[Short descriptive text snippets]
■ ■ ■ ■ ■ ■ ■

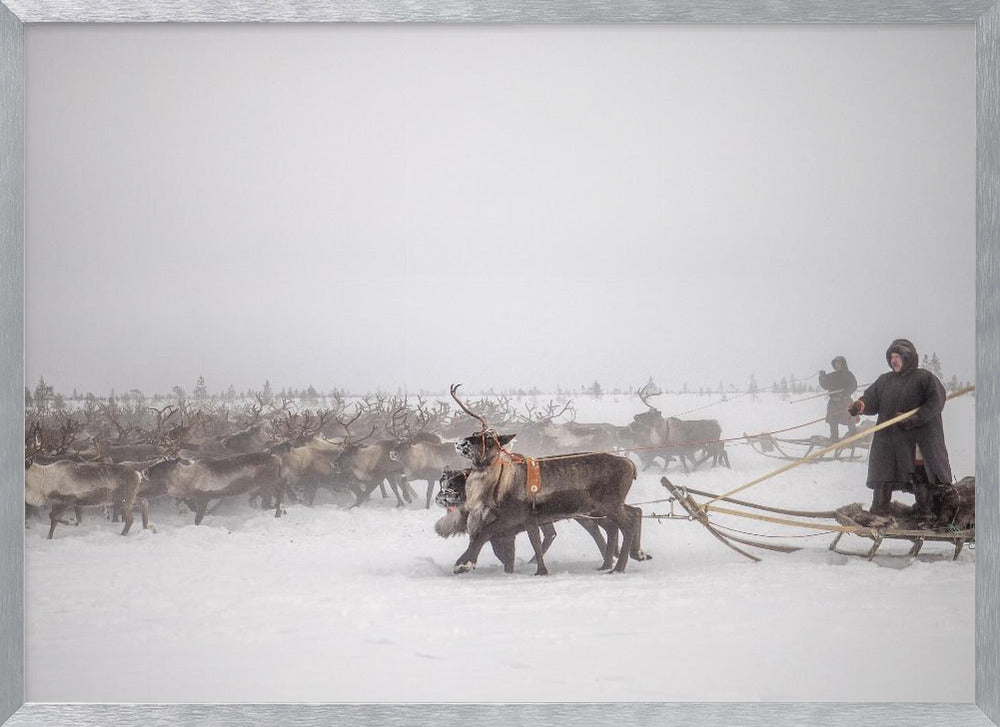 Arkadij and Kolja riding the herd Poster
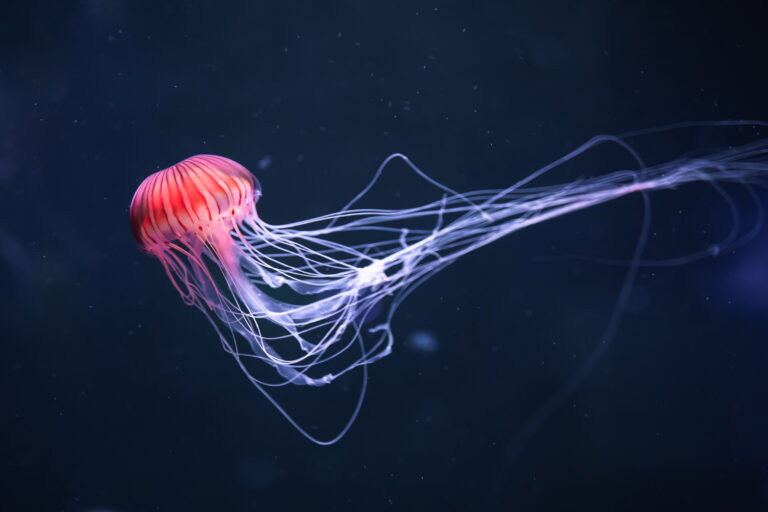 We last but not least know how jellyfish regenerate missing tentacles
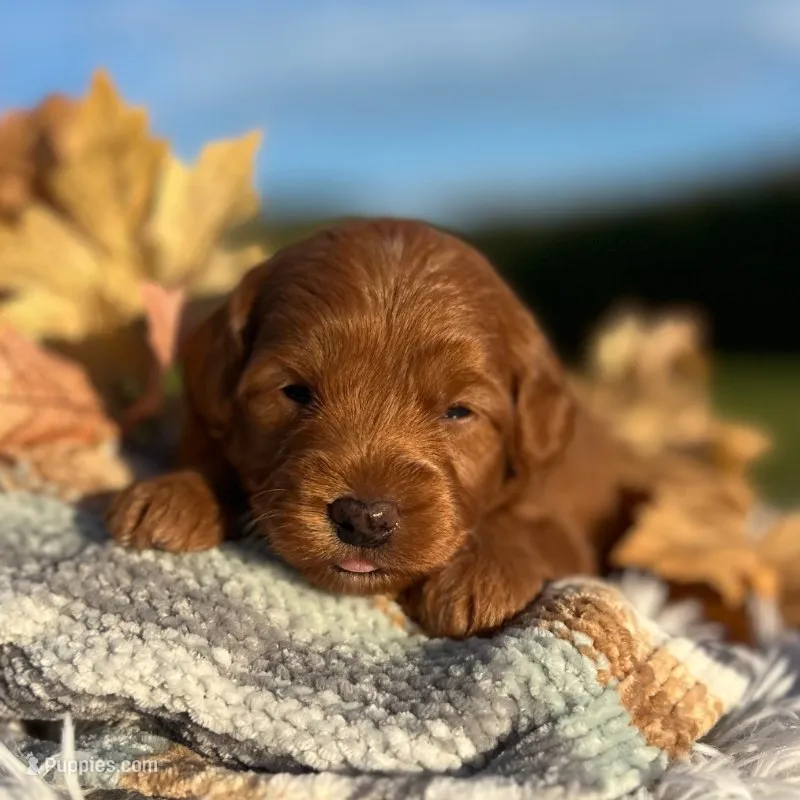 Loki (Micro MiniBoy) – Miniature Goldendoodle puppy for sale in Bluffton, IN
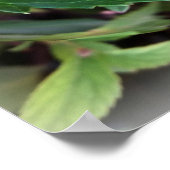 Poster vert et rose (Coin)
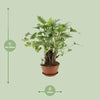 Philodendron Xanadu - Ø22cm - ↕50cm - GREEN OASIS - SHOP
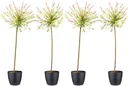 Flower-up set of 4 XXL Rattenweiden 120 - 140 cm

■ ■ ■ ■ ■ ■ ■

PROBLEM:
Pictures are not part of the copy. Extract exactly the lines from the line containing "We last but" through the final line of the entries above, both included.

OUTPUT OF THE EXERCISE:
 We last but not least know how jellyfish regenerate missing tentacles
 Loki (Micro MiniBoy) – Miniature Goldendoodle puppy for sale in Bluffton, IN
 Poster vert et rose (Coin)
 Philodendron Xanadu - Ø22cm - ↕50cm - GREEN OASIS - SHOP
 Flower-up set of 4 XXL Rattenweiden 120 - 140 cm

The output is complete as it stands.